= Beginning of Section =
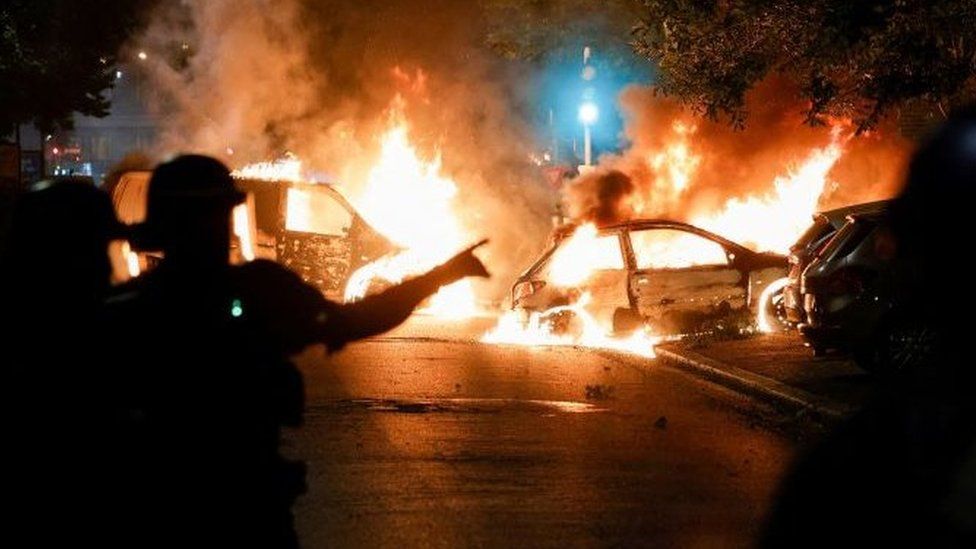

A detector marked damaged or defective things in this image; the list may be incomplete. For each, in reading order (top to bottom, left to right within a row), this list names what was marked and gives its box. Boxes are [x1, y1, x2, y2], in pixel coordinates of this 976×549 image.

damaged vehicle [116, 171, 398, 300]
damaged vehicle [516, 219, 788, 334]
damaged vehicle [780, 201, 896, 330]
damaged vehicle [800, 209, 936, 372]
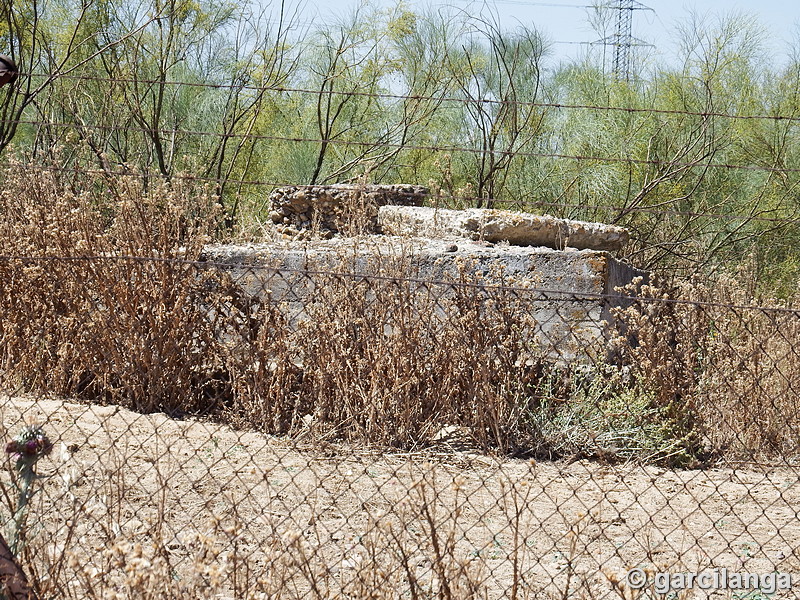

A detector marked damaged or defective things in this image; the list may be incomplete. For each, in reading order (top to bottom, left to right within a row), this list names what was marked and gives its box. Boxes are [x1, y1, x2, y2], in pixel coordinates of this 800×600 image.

rusted wire fence [1, 255, 800, 596]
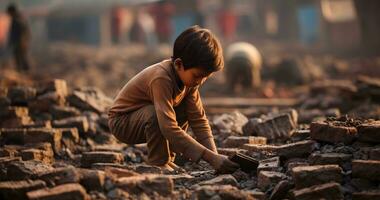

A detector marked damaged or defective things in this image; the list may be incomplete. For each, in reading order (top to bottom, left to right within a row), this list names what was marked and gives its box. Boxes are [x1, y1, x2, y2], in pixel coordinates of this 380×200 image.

broken brick [310, 120, 358, 144]
broken brick [245, 141, 316, 159]
broken brick [0, 180, 46, 200]
broken brick [26, 183, 89, 200]
broken brick [256, 170, 286, 191]
broken brick [292, 164, 342, 189]
broken brick [290, 183, 344, 200]
broken brick [352, 159, 380, 181]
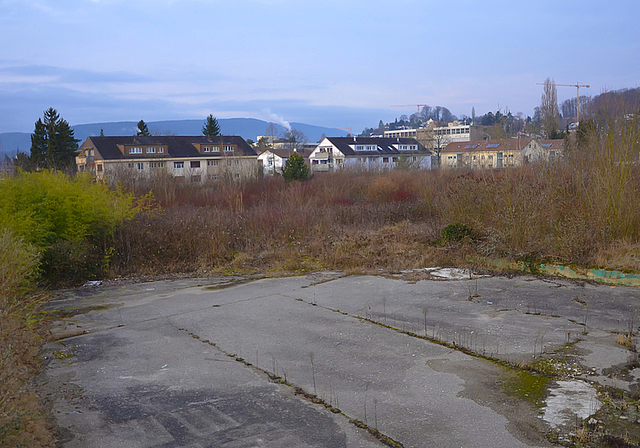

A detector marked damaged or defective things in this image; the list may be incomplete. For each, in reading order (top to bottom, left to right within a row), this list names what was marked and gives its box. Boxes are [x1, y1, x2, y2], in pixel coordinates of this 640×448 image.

cracked concrete [41, 272, 640, 446]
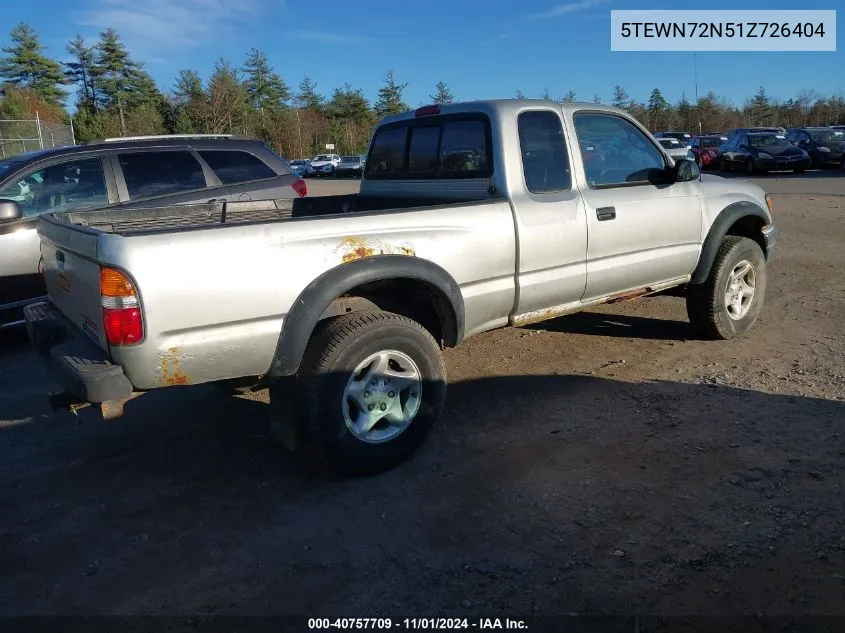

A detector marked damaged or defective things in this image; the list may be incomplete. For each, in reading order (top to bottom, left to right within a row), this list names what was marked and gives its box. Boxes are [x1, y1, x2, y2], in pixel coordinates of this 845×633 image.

rust spot on truck body [338, 236, 414, 262]
rust spot on truck body [159, 346, 190, 386]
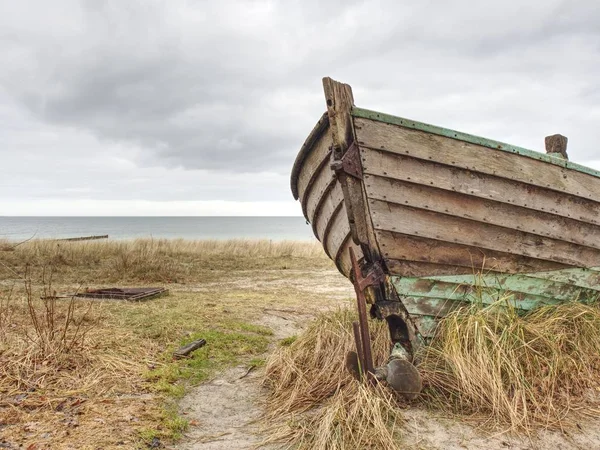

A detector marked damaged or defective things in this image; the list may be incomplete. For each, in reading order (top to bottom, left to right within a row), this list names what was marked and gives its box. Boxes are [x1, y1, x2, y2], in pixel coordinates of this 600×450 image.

rusty metal bracket [330, 141, 364, 179]
rusty iron rod [346, 248, 376, 382]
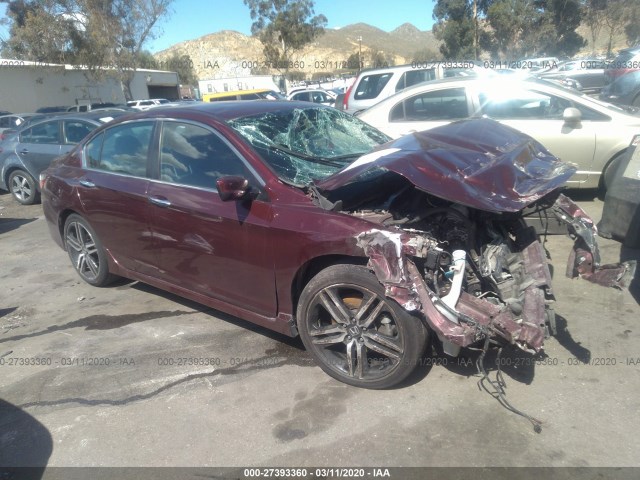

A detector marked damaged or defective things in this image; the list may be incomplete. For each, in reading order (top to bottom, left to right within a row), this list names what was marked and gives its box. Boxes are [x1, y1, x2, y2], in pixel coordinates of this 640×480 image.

shattered windshield [229, 106, 390, 185]
damaged hood [318, 118, 576, 212]
parked damaged vehicle [41, 102, 636, 394]
bent chassis [356, 192, 636, 356]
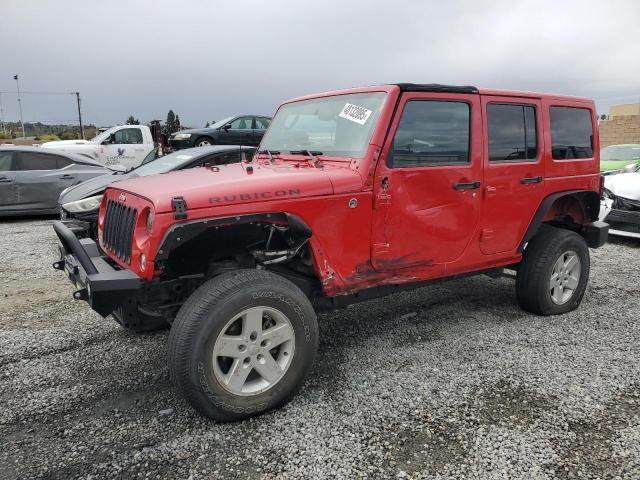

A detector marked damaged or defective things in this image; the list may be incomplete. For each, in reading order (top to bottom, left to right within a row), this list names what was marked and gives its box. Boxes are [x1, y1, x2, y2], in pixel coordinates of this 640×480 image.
= End of Section =
TASK TO COMPLETE —
What you return must match the data above exactly, with no images included.

TASK RESULT —
A detector marked damaged or defective things in this image; the list may be incomplete. For each, in reading order (top to bottom, left to right within a row), this list names what was marked and gives its box. Boxes are [x1, y1, x2, y2], in pixel coordinates of this 976×549 image.

damaged vehicle [116, 171, 398, 300]
damaged vehicle [516, 219, 788, 334]
damaged vehicle [780, 201, 896, 330]
damaged vehicle [800, 209, 936, 372]

A detector marked damaged or defective things in this image; the list may be incomplete. For each, in reading order (top to bottom, left to right within a row), this list names what was marked and gives its box. Boxes are [x1, y1, x2, y2], in pixel coordinates of this 800×600 image.

rusted wire fence [1, 255, 800, 596]

A detector marked damaged or defective things in this image; the list may be incomplete. For each, in reading order (top to bottom, left to right within a row), this list names what was marked and gives its box. Boxes are [x1, y1, x2, y2], in pixel coordinates of this 380×200 image.

broken brick [310, 120, 358, 144]
broken brick [245, 141, 316, 159]
broken brick [0, 180, 46, 200]
broken brick [26, 183, 89, 200]
broken brick [256, 170, 286, 191]
broken brick [292, 164, 342, 189]
broken brick [290, 183, 344, 200]
broken brick [352, 159, 380, 181]

A detector marked damaged or defective things in this image; the list may be incomplete. For each, in reading order (top to bottom, left to right within a row), this list names what was marked and gives its box. Boxes are [x1, y1, x2, y2], in pixel coordinates of this 640×448 image.

cracked concrete [41, 272, 640, 446]

A detector marked damaged or defective things in this image; the list may be incomplete. For each, in reading order (top to bottom, left to right within a row), this list names what was marked and gives its box. Boxes are [x1, y1, x2, y2], in pixel coordinates of this 845×633 image.

rust spot on truck body [338, 236, 414, 262]
rust spot on truck body [159, 346, 190, 386]

A detector marked damaged or defective things in this image; the list may be incomplete. For each, in reading order (top to bottom, left to right within a row), this list names what was marked and gives its box. Boxes are [x1, y1, x2, y2], in pixel coordinates of this 600×450 image.

rusty metal bracket [330, 141, 364, 179]
rusty iron rod [346, 248, 376, 382]

A detector marked damaged or defective things in this image; the list may be incomplete. For each, in reading order (top to bottom, left to right within a row), this list names what was marked and gives its box. Boxes are [x1, y1, x2, y2], in pixel coordinates of this 640×480 image.

shattered windshield [229, 106, 390, 185]
damaged hood [318, 118, 576, 212]
parked damaged vehicle [41, 102, 636, 394]
bent chassis [356, 192, 636, 356]

A detector marked damaged or defective things in this image; the list may be incomplete. For each, in reading order (top to bottom, left to right within a row), this list names what was marked and gives its box. Boxes are [x1, y1, x2, y2], in pixel coordinates of this 640×480 image.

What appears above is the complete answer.